井の中のアイランド

エクスとプレス

喫茶店に行こう

駅前通りに素敵な喫茶店があるらしいと、母親から聞いた。しかももうすぐ創業60年を迎える歴史ある喫茶店とのこと。由利本荘市に長く住んでいるのに、僕は由利本荘市のことを本当に知らない。

昨日宿直をやって疲れていたので、午後から休んで行ってみることにした。「こいつ仕事休みすぎじゃね?」と思われるかもしれないが、今日は有休ではなく、先日、職場の行事で休日出勤した分の代休があったので、それを利用したのだ。

件の喫茶店に行く前に、美容院へ寄って頭をさっぱりさせていく。お洒落で歴史ある喫茶店に行くのだから、身だしなみは整えていかなければならないと思った。

強烈にさっぱりしたので、満を持してお目当ての喫茶店に行く。

今回お邪魔したのは「純喫茶サモワール」。落ち着いた店構え。安心感のある看板。扉を前にちょっと足が竦む。僕には似つかわしくないお店かもしれない。

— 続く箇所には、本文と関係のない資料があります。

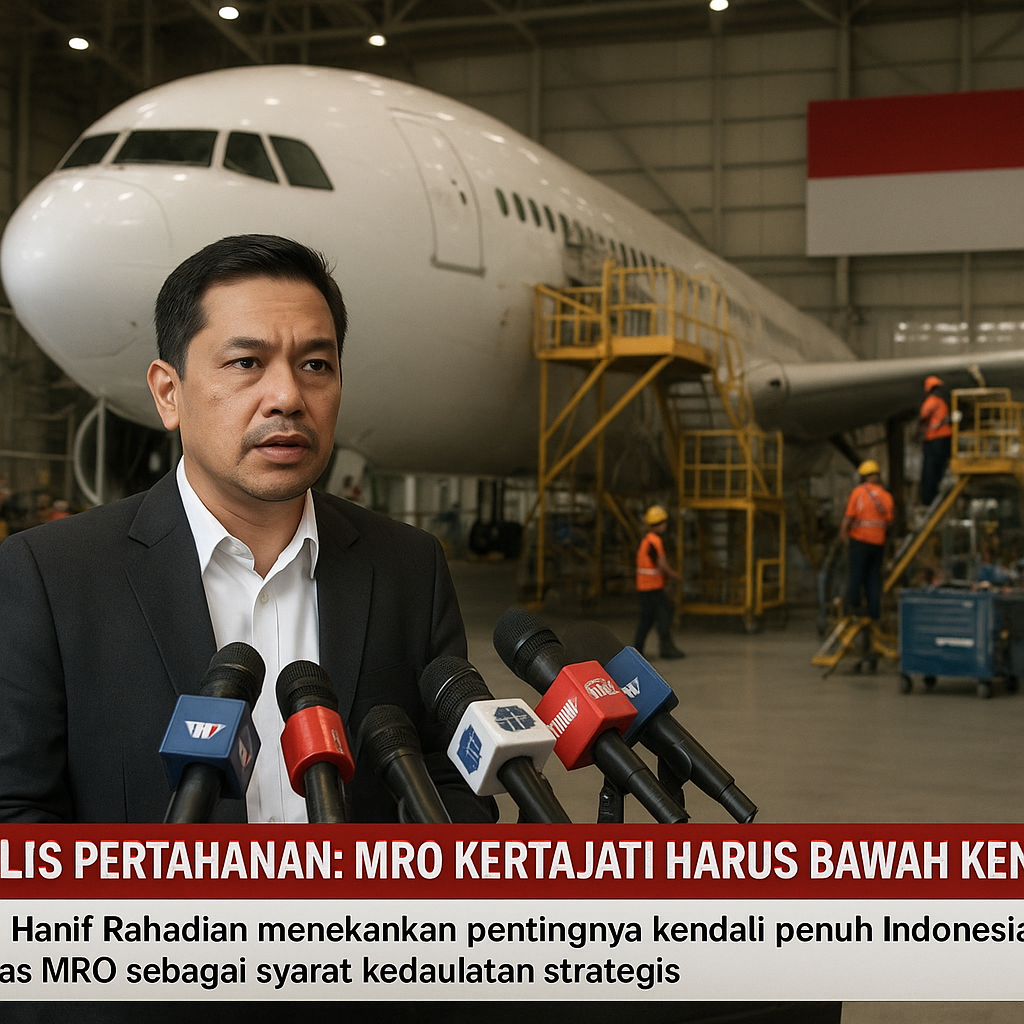 Analis Pertahanan: MRO Kertajati Harus Bawah Kendali Indonesia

意を決して中に入ると、上品な店主さんが笑顔で迎え入れてくれた。僕みたいな奴でも入っていいお店みたいだ。

革製のソファーにチェック柄の床。ここには写っていないが、ゲームの筐体がテーブルになっている座席もある。昭和。たぶん昭和。僕が過ごしたことのない時代にタイムスリップした感覚。

テーブルの上にあるランプも優しい灯を届けてくれる。カウンター席には常連客と思われる方々が並び、楽しそうに話していた。それを邪魔しないよう、控えめな声量で店主さんを呼んでピザトーストとクリームソーダを注文。ここのお店のクリームソーダは『クリームソーダ純喫茶めぐり』という書籍でも取り上げられており、結構有名らしい。今回もそれを目当てでお邪魔した。

「ちょっと時間かかるけれど大丈夫かしら?」と店主さんがわざわざ一声かけてくれた。お一人で切り盛りしているようだし、他のお客さんもいる状況だから気を遣ってくれたのだろう。ぜんぜん大丈夫ですよと返す。こんなに落ち着く空間なら、いくらでも待てる。

ピザトースト(450円)

見た目も味も100点満点のピザトーストが出てきて、鉄仮面の異名を持つ僕の顔面もほどける。ピザではなく、あくまでピザトースト。パンの味もしっかり感じられるのが嬉しい。

クリームソーダ(500円)

本にも掲載されたクリームソーダ。明るい緑色ではなく、エメラルドグリーンのような濃い緑色だ。炭酸は強すぎず口の中で優しく弾ける感じ。甘さもすっきりしていて、クリームソーダなのにぐいぐい飲めてしまう。

お腹もいっぱいになり、たっぷりノスタルジアに浸ったので、お会計をして帰ることにした。合計は950円なので1,000円を出す。お釣りで50円を貰う準備をしていると、何故か100円玉を渡される。昨日のブログでちょうどお釣りのことを書いたから、頭の中がクエスチョンマークでいっぱいになったが、「わざわざ足を運んでくれたから、ほんのおまけ」とのこと。なんという…。

たくさんお辞儀をして、お店を後にする。駅前通りだっていうのに、人の数も車の数も少ない。もっと昔、それこそ昭和の時代は、今とは比べ物にならないくらい、たくさんの人で溢れていたのだろうか。また今度お邪魔したときに、店主さんに聞いてみよう。